━━ Data provided
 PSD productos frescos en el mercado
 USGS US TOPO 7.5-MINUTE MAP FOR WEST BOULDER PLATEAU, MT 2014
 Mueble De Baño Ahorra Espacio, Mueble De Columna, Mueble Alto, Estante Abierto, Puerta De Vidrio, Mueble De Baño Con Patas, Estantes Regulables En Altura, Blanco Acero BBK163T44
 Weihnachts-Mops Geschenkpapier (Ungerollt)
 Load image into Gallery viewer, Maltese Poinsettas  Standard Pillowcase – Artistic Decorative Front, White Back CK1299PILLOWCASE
━━━━
━━ Data provided
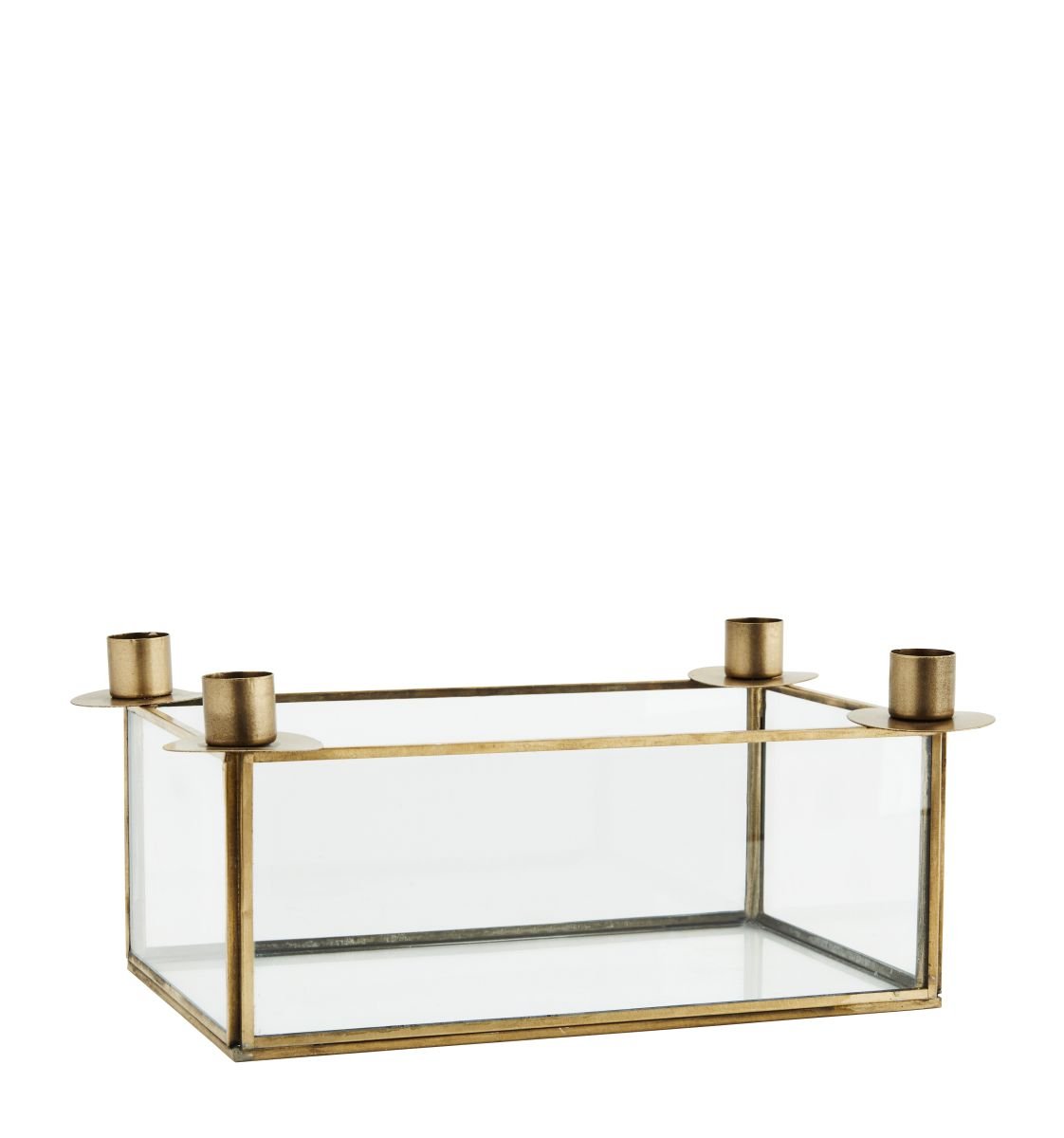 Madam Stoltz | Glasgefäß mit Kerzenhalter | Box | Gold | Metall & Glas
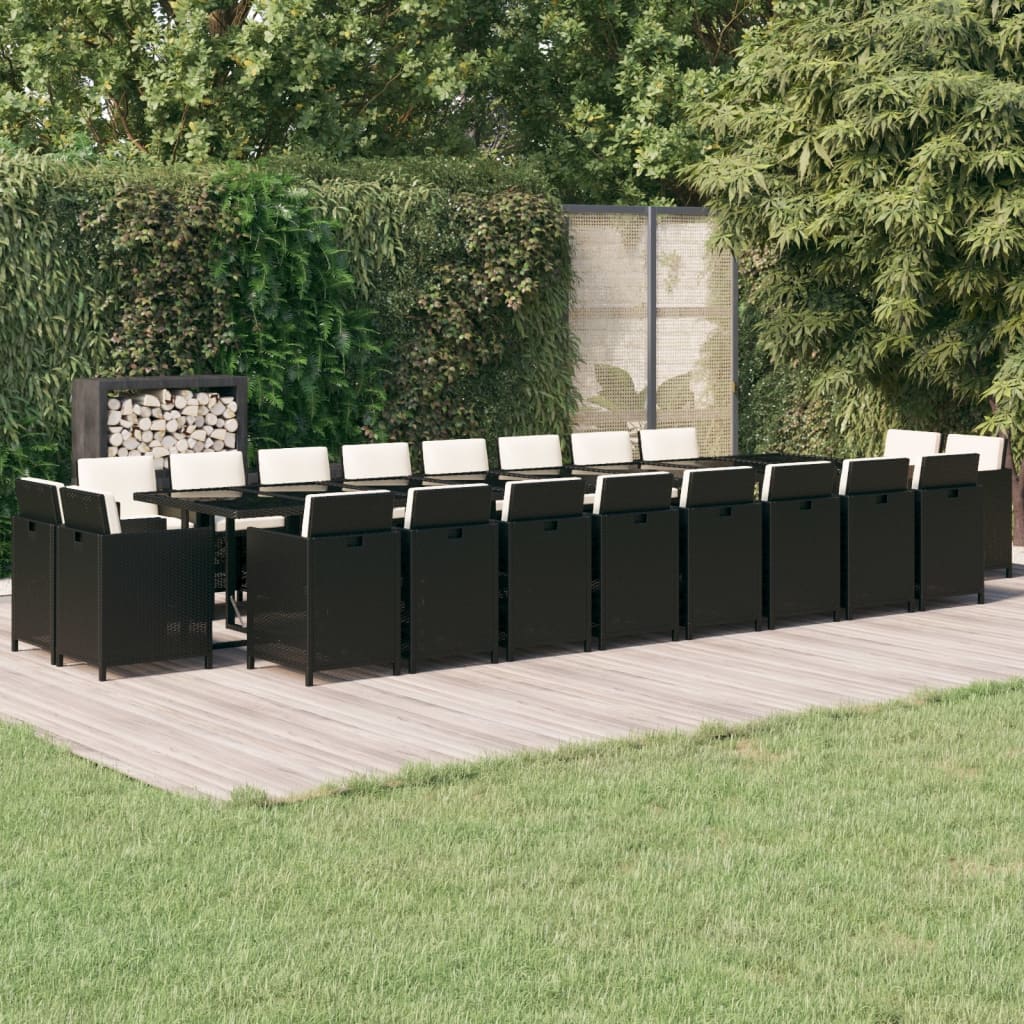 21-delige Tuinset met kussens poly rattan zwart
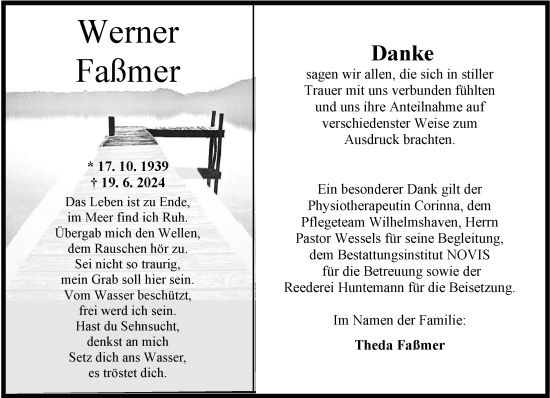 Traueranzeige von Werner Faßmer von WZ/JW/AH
━━━━
━━ Data provided
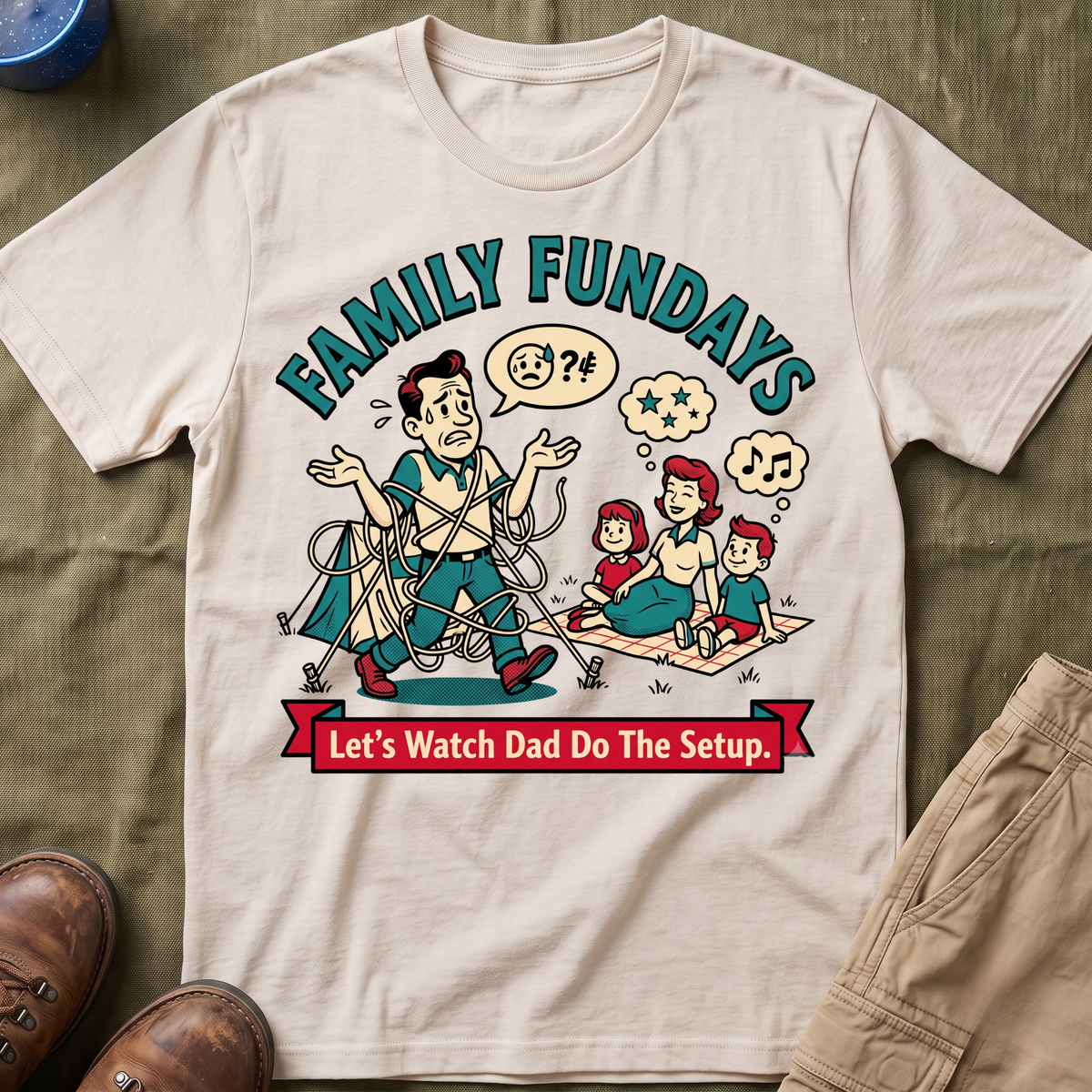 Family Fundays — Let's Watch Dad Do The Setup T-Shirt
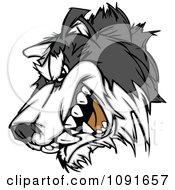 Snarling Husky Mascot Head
━━━━
## Exercise brief
Transcribe, exactly and without additions, the lines of the records above, beginning with the line that contains "PSD productos frescos en el mercado" and ending with the line that contains "Load image into", both included.

## Result
 PSD productos frescos en el mercado
 USGS US TOPO 7.5-MINUTE MAP FOR WEST BOULDER PLATEAU, MT 2014
 Mueble De Baño Ahorra Espacio, Mueble De Columna, Mueble Alto, Estante Abierto, Puerta De Vidrio, Mueble De Baño Con Patas, Estantes Regulables En Altura, Blanco Acero BBK163T44
 Weihnachts-Mops Geschenkpapier (Ungerollt)
 Load image into Gallery viewer, Maltese Poinsettas  Standard Pillowcase – Artistic Decorative Front, White Back CK1299PILLOWCASE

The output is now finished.